I’ve released the first version of Bumblebee:

This is my attempt at creating a DeepSpeech electronjs app, and a websocket API for writing voice-controlled JavaScript apps.

The idea here is Bumblebee handles the troublesome stuff of installing and setting up DeepSpeech, handles the microphone, adds an “alexa” style hotword system (porcupine), and a text-to-speech system (mespeak). And together these systems can be treated as an always-available service that applications can use. No need to start and stop DeepSpeech as you’re writing an application - Bumblebee stays running in the background and your application communicates to it through a websocket API.

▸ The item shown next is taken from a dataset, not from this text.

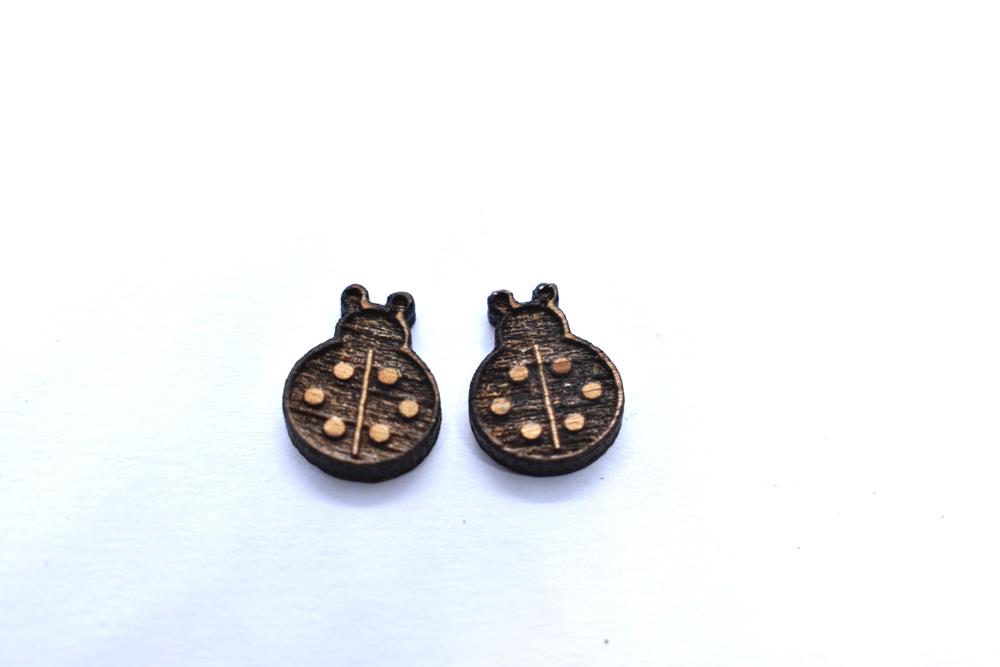 (image for) Wood Earring Stud Ladybug 3
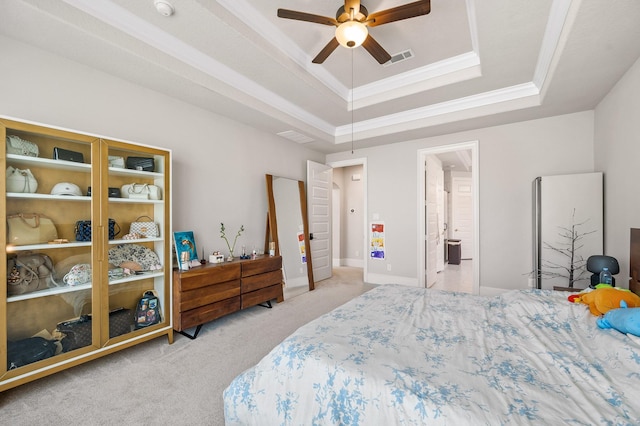 2723 Camellia Ave, Brookshire, TX 77423 - bedroom featuring a raised ceiling, carpet, ornamental molding, a ceiling fan, and ensuite bathroom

The API is very simple, as you can see in the hello world example:

github.com

jaxcore/bumblebee/blob/master/examples/helloworld/helloworld.js

const Bumblebee = require('jaxcore-bumblebee');

class HelloWorldApp extends Bumblebee.Application {
	constructor() {
		super(...arguments);
	}
	
	async loop() {
		this.console('Say "Hello World"');
		
		let recognition = await this.recognize();
		this.console(recognition);
		
		if (recognition.text === 'hello world') {
			await this.playSound('okay');
			await this.say('Hello World');
		}
		else {
			await this.playSound('error');
		}

This file has been truncated. show original

I think the really nice thing about having a shared base system like this is I can write a small voice app in one single JavaScript file, and just share that file, and be able to run it on another computer without having to install a new instance of DeepSpeech for each app.

i don’t have any sophisticated NLP/intent parsing going on here and I’m only using the pretrained English models. This release was mainly just to get the base system working and running/installing correctly on Mac, Linux, and Windows.

I don’t have an exact roadmap of where this project goes from here, but I have a lot of ideas for applications that I want to write. I’m primarily interested in voice-controlling pretty much everything – my computer, things around my home, and to build voice-controlled web applications.

I’d appreciate feedback – do other people find use in an API like this that handles all the stt/tts/hotword stuff leaving you to focus on what you want your “voice app” to do?

dan.bmh · July 10, 2020, 9:03am

In case you didn’t see it already (link), I made something similar, but in python. The project uses rasa for nlu parsing and automatically builds domain language models out of the installed skills for improved stt performance.

Maybe you can find some inspirations for your project there, you can find it here:

dsteinman · July 10, 2020, 12:16pm

Wow nice work. Yes, I’d definitely be interested in seeing your solution. I don’t have any NLP experience so I’m kind of starting from scratch. I don’t know of many JavaScript-centric tools for this, and ideally I need something that can work in a browser.